THE Green Revolution – the introduction of new higher-yielding seed varieties, increased use of fertiliser, irrigation and other mechanisation introduced since the 1960s – brought about a great increase in crop yields in some countries in the Global South. Hybridised seeds produced more grains per plant and were more responsive to fertiliser and irrigation, writes Siera Vercillo*.
But the effects of this ‘revolution’ were famously uneven, both between and within countries. The farming environment in sub-Saharan Africa wasn’t as well suited to the technologies as Asia and Latin America.
In the past 20 years, a newer model of the Green Revolution has emerged predominantly in sub-Saharan Africa. Domestic and international agribusinesses have a much more prominent place. The Green Revolution of the past was more heavily supported by public and quasi-public institutions. Now the private sector is encouraged to take the lead role in distributing agricultural inputs and getting outputs to market. The idea is to commercialise production and integrate farmers into global markets.
The contemporary version of the Green Revolution is promoted largely by the Alliance for a Green Revolution in Africa, the G7/G8’s New Alliance for Food Security and Nutrition in Africa, the World Bank, USAID, the African Union among others. These donors generally take the view that African agriculture must be transformed to use land more efficiently and catch up with the productivity levels of other regions.
But there are many questions about whether this newer Green Revolution can increase production in a way that will reduce poverty and food insecurity.
Our previous research analysed whether this approach is likely to succeed. We looked at the assumptions it’s based on and the possible consequences, particularly for smallholder farmers. Focusing on northern Ghana, we then completed a case study of how the strategy is playing out.
We found that the vast majority of smallholder farmers were reluctantly adopting the new varieties of seed, chemical fertilisers, agrochemicals and farm contracts promoted as part of the Green Revolution. Farmers adopted these inputs and business arrangements to address the immediate challenges of erratic rainfall, shortened growing seasons, drier soils with diminished fertility and increasing land competition. But many described this decision as a short-term trade-off to maintain the yields required to survive. They did not have the hope of increasing yields.
They also identified serious negative consequences of these newer farming practices.
In our case study, we found that many farmers expressed deep concern about the long-term consequences of the Green Revolution prescriptions. These included damage to soils from herbicides and fertilisers, the narrowing of crop varieties planted and foods consumed, rising levels of indebtedness, and heightened risks of land dispossession, particularly for women.
Most smallholders used new varieties of seed when planting soy, rice, maize and groundnuts. These matured and could be harvested in a shorter time than ‘non-improved’ varieties. This helped in a shortened growing season associated with a changing climate.
But some farmers insisted that the new seed does not actually increase yields.
The improved varieties were also ‘open pollinating’ – the plants produce seeds for the next season. But only a limited number of crops have been improved and could grow within shorter time periods (such as 90 days for maize). This was reducing the diversity of crops planted and the variety of foods consumed. Crops that required longer growing periods, such as millet and sorghum (120-150 days), were once common but are grown by fewer farmers. This could have shifted diets to maize instead of more nutritious staples such as sorghum or millet.

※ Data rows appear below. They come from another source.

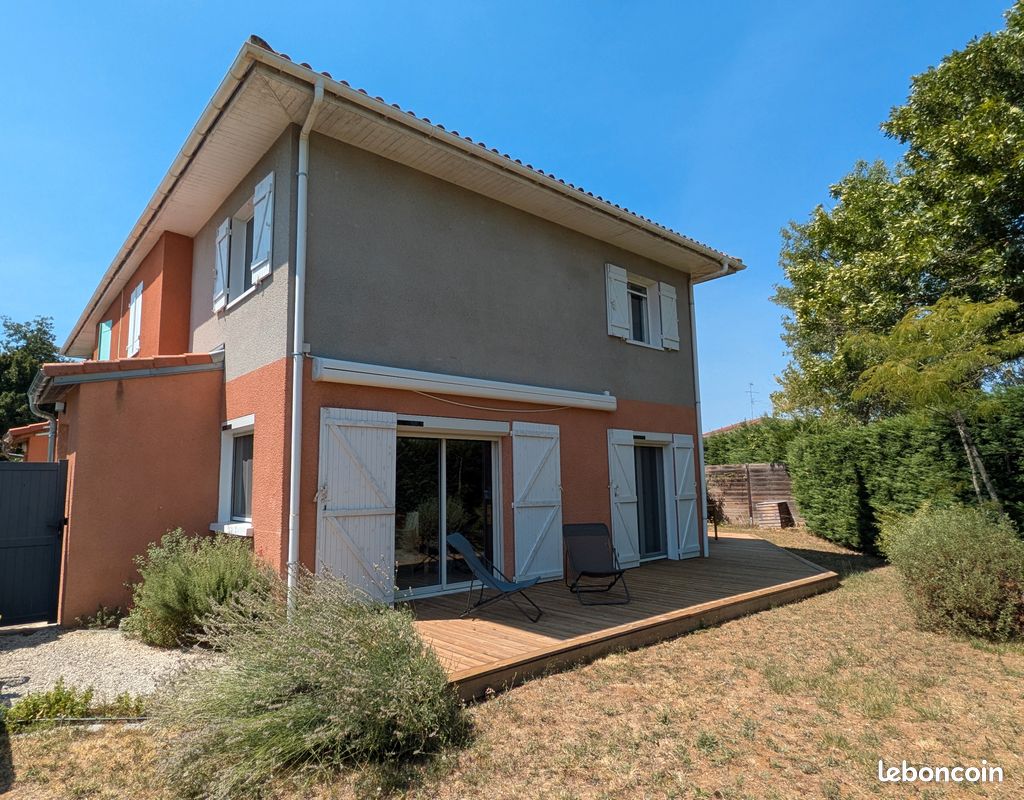 Maison 5 pièces 105 m² · à Castanet-Tolosan · 105 m² · 368 000 €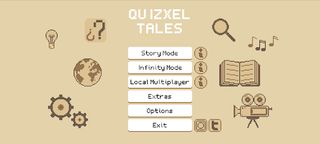 Quizxel Tales - Screenshot 1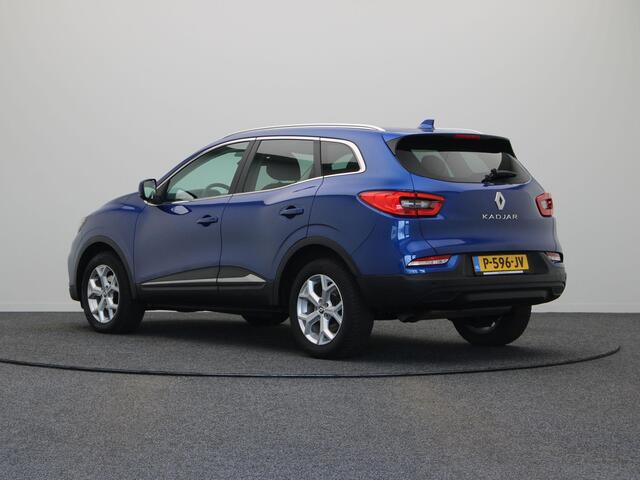 Renault KADJAR TCe 140pk Zen | AUTOMAAT | Parkeersensoren voor- en achter | Stoelverwarming | Elektronische klimaatregeling |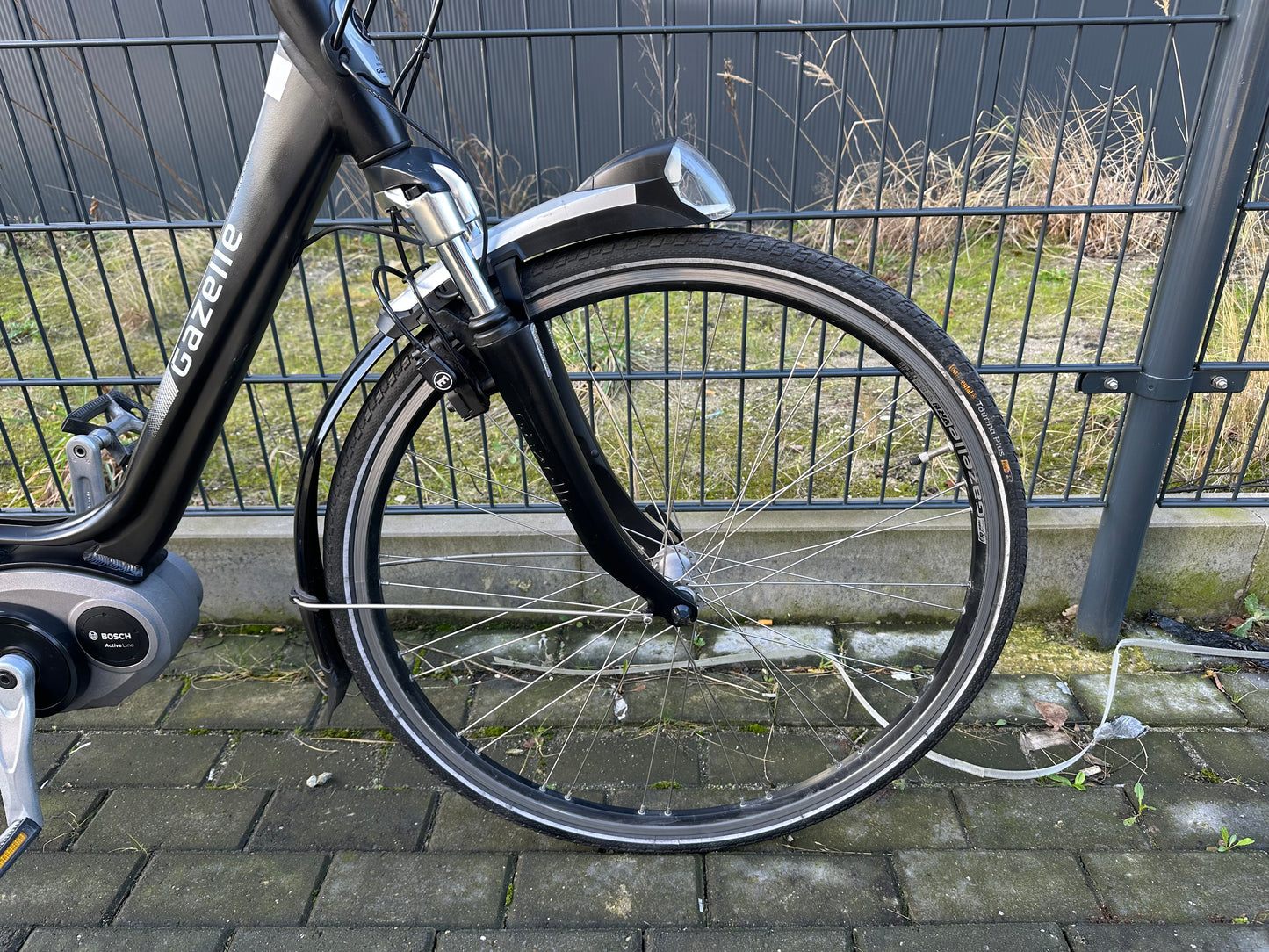 Gazelle c7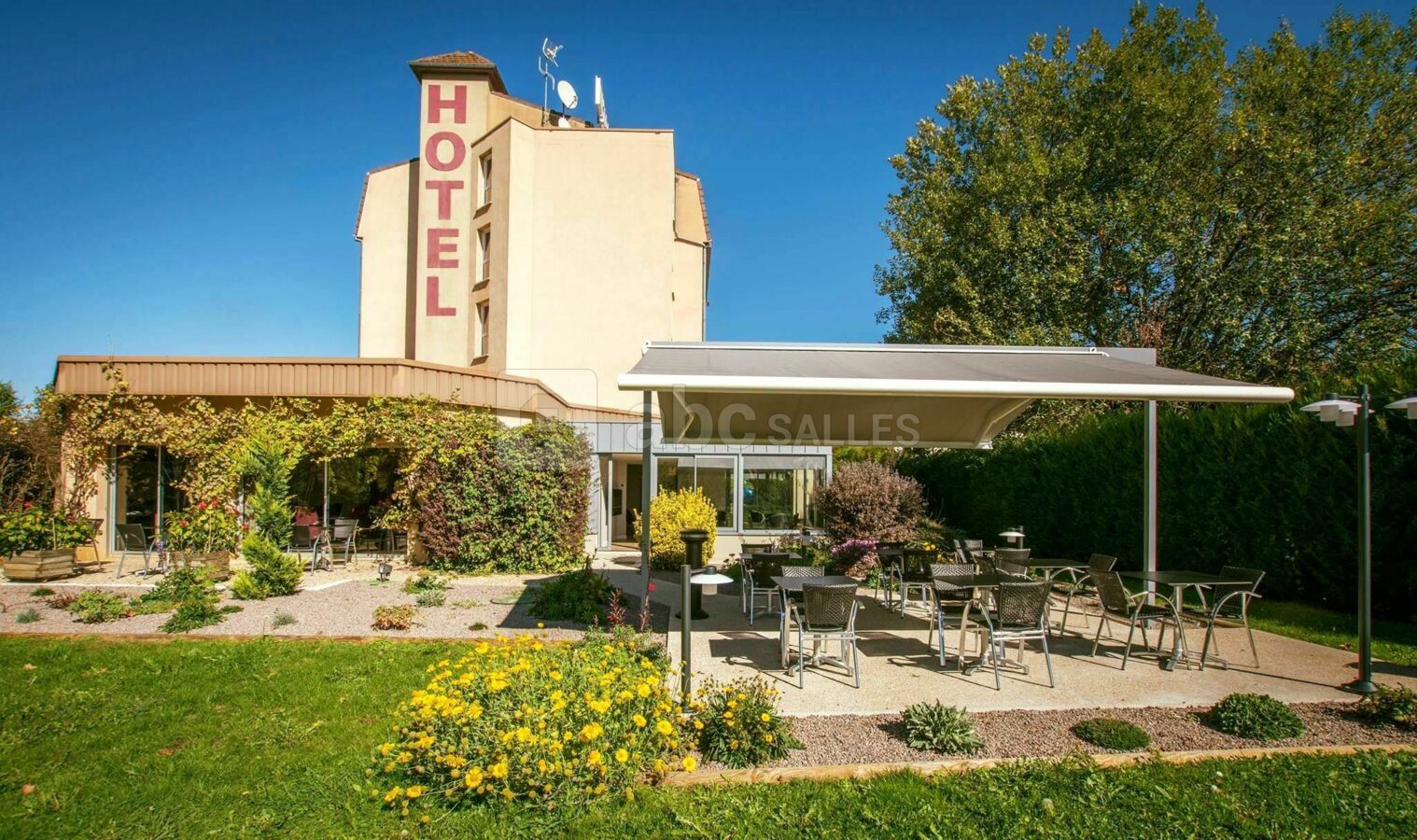 Groupe Logis Hôtels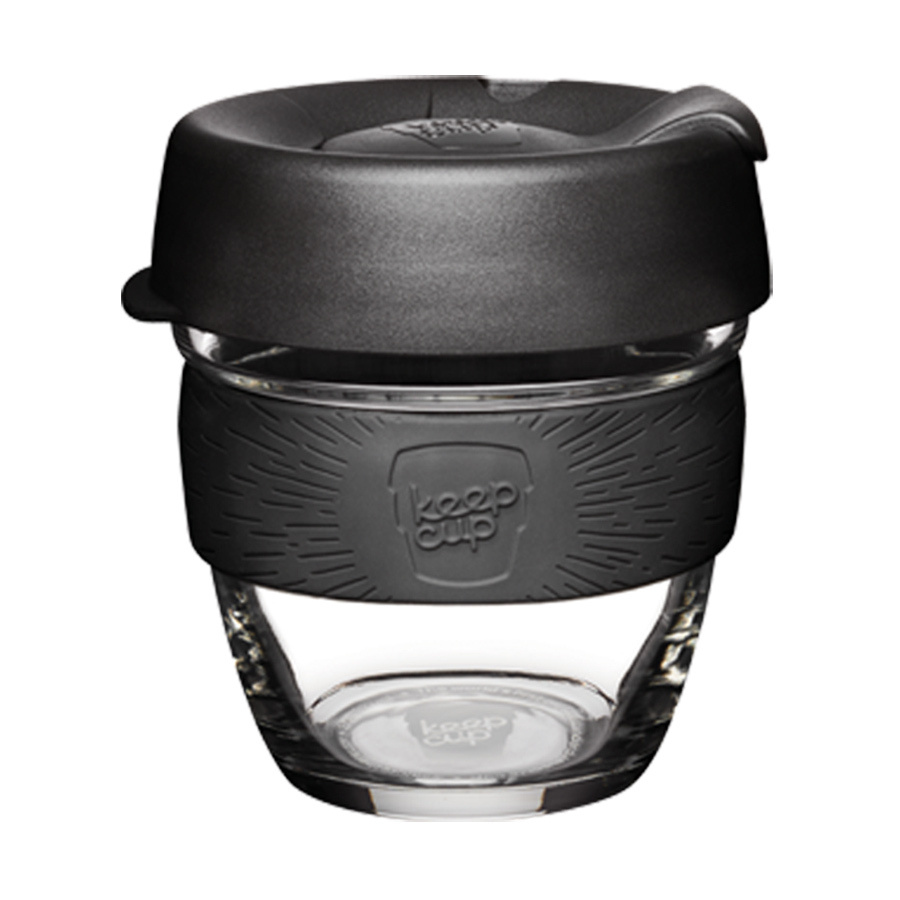 Кружка KeepCup Brew 227 мл Black #1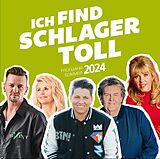 Various Artists CD Ich Find Schlager Toll - Frühjahr/sommer 2024
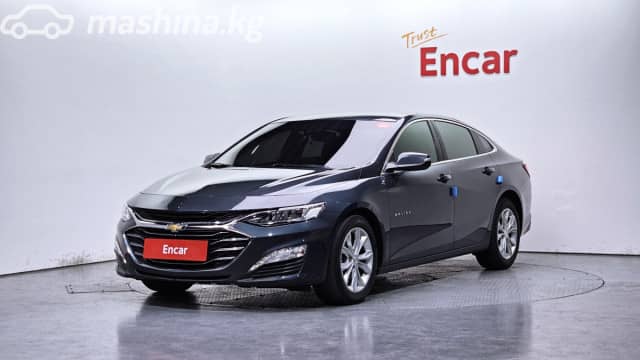 Chevrolet Malibu IX Рестайлинг 1.6d AT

Many smallholders said they were more frequently turning to herbicides to deal with weeds – a growing problem which they blamed on soil degradation. They said chemical fertilisers were becoming necessary just to maintain production levels, and this put them further into debt. Their increasing dependence on pesticides and chemical fertilisers was becoming a vicious dependency spiral.
Community members pointed out that farming was becoming polarised between those who could afford to finance the promoted package of inputs and those who couldn’t.
Another major concern for many smallholders was the growing presence of newcomers to their communities who have access to finance to farm, including direct payments from development projects. Their presence stoked competition for land. One smallholder described his sense of the newcomers:
Land was regularly described as being in short supply, as more people moved into farming in response to new incentives and environmental changes. Some were trying to increase their acreage planted to compensate for lower yields stemming from drying conditions.
The majority of farmers felt they had to continuously cultivate all of their fields. Many knew this contributed to soil degradation and reliance on chemical inputs but they are trying to minimise the risk of dispossession. As one smallholder put it:
Our case study shows that even though many smallholders have adhered to the newer Green Revolution model, they are worried about its long-term implications. It is also clear that wealth and gender disparities affect the ability of farmers to access and benefit from new technologies and markets. Female farmers are especially disadvantaged and at risk of dispossession.
In developing more sustainable agriculture, the first step should be to listen to what smallholder farmers say about their particular environments and constraints. And not funding technologies and business arrangements that exacerbate environmental changes and socioeconomic inequalities.